Business organizations
Name of student
Course title
Tutor’s name
Date
Abstract
Business organization is a collaboration of people who have a similar aim of achieving a particular goal. Organizations are formed to earn owners and income while others are non-profitable organization meant for public purposes. Business organization forms are affected by legal abilities and the level of treatment on income tax. These forms include sole proprietorship which is a business organization owned and operated by a single person. The owner has all the rights to profits and his liability to debts in the firm is unlimited. These entails that there are no legal documents required in sharing the profits as all the profit belongs to him. The sole proprietor takes up sole responsibility of all the business transactions and risks. The owners engage in businesses that are not associated to high risks as they put personal assets at risk (Butterfield, 2000)

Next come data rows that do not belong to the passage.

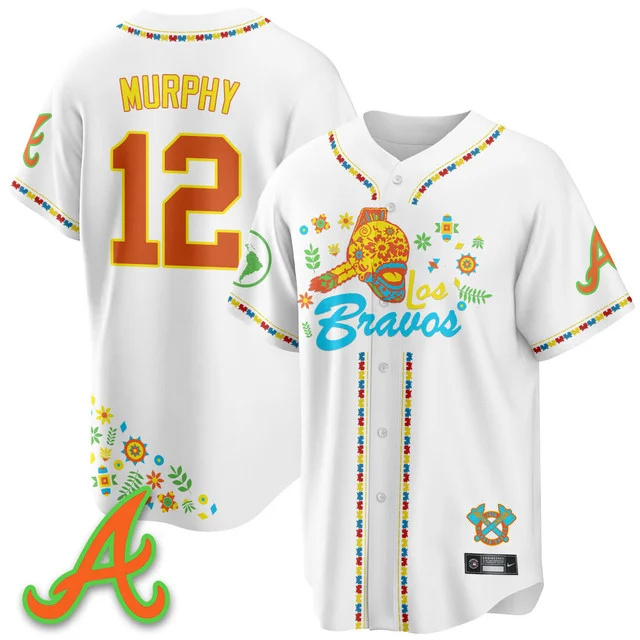Men's Atlanta Braves 2025 Los Bravos Jersey V2 white #12 sean murphy.webp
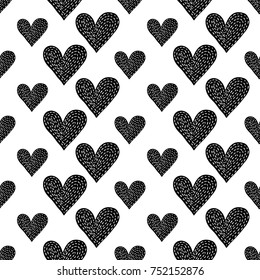 Monochrome romantic seamless pattern with stitched heart. Symbols of love, relationships and valentine day. Lovely repeatable black and white vector background.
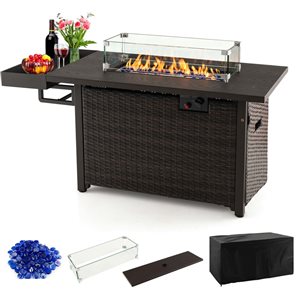 Costway 30-in Gas Fire Pit Table 50,000 BTU Square Propane Fire Pit Table with  Cover
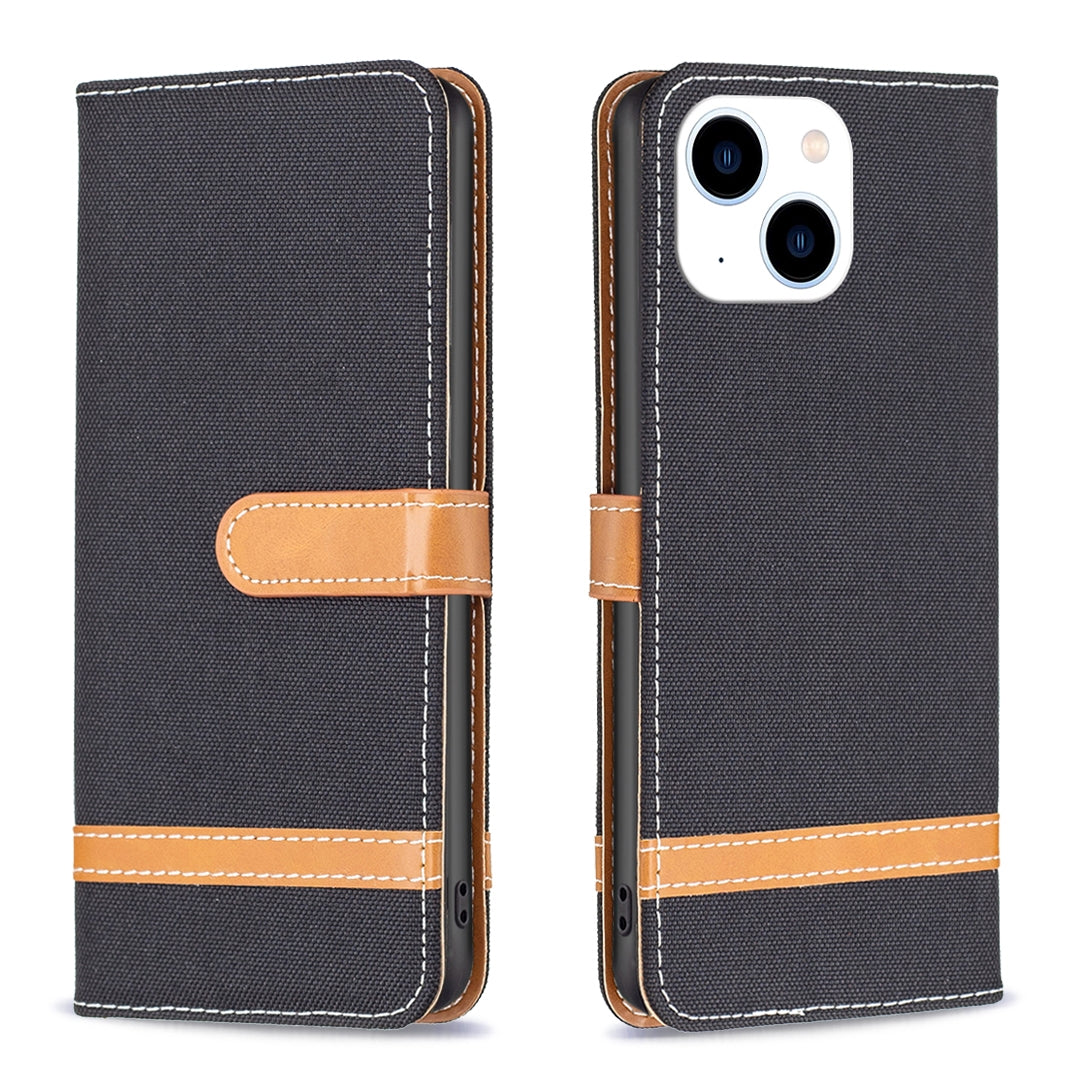 ELECTROPRIME For iPhone 15 Color Block Denim Texture Leather Phone Case(Black)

Limited Liability Company is a business that protects the personal assets of the owner. The assets are protected from financial and personal liability. Limited Liability Companies are set up under the state law which varies in accordance to the business location. LLCs are taxed the same as partnerships and additional fee is required to start up the business. Corporation are structured in a way that distinguishes the business entity from the owner and reduces the responsibilities of the owner. There are two types of corporation the C corporation that have a separate entity in paying tax and the S corporation that tax is paid through various entities. Partnership business involves more than one owner who contribute resources to run the business and share profits. Cooperatives are organizations operated by a group of people known as the members who operate it to gain mutual benefits
Business torts
Business torts are referred to as the felonies committed against an organization entity. These torts are assumed to be intentional but in some cases, occur due to negligence and lead to financial losses. Business torts are as a result of unfair practices that interfere with the interest of other businesses. Torts do damage business relationships, cause other businesses to lose clients or future losses.
Legal structure
In sole proprietor business, the owner is liable for all the business operations. In convincing friends to joined in the business changing the business to a limited partnership will promote members to invest. Limited partnership will entail that the sole proprietor will bear the unlimited liability in case the business is bankrupt and he will pay for the debts. In case of a law suits the sole proprietor will be fully responsible for said allegations. The friends will become new partners whose liability will be limited to the amount one will invest. In limited partnership, the partners have no voting power and the business operation are controlled by the general partner.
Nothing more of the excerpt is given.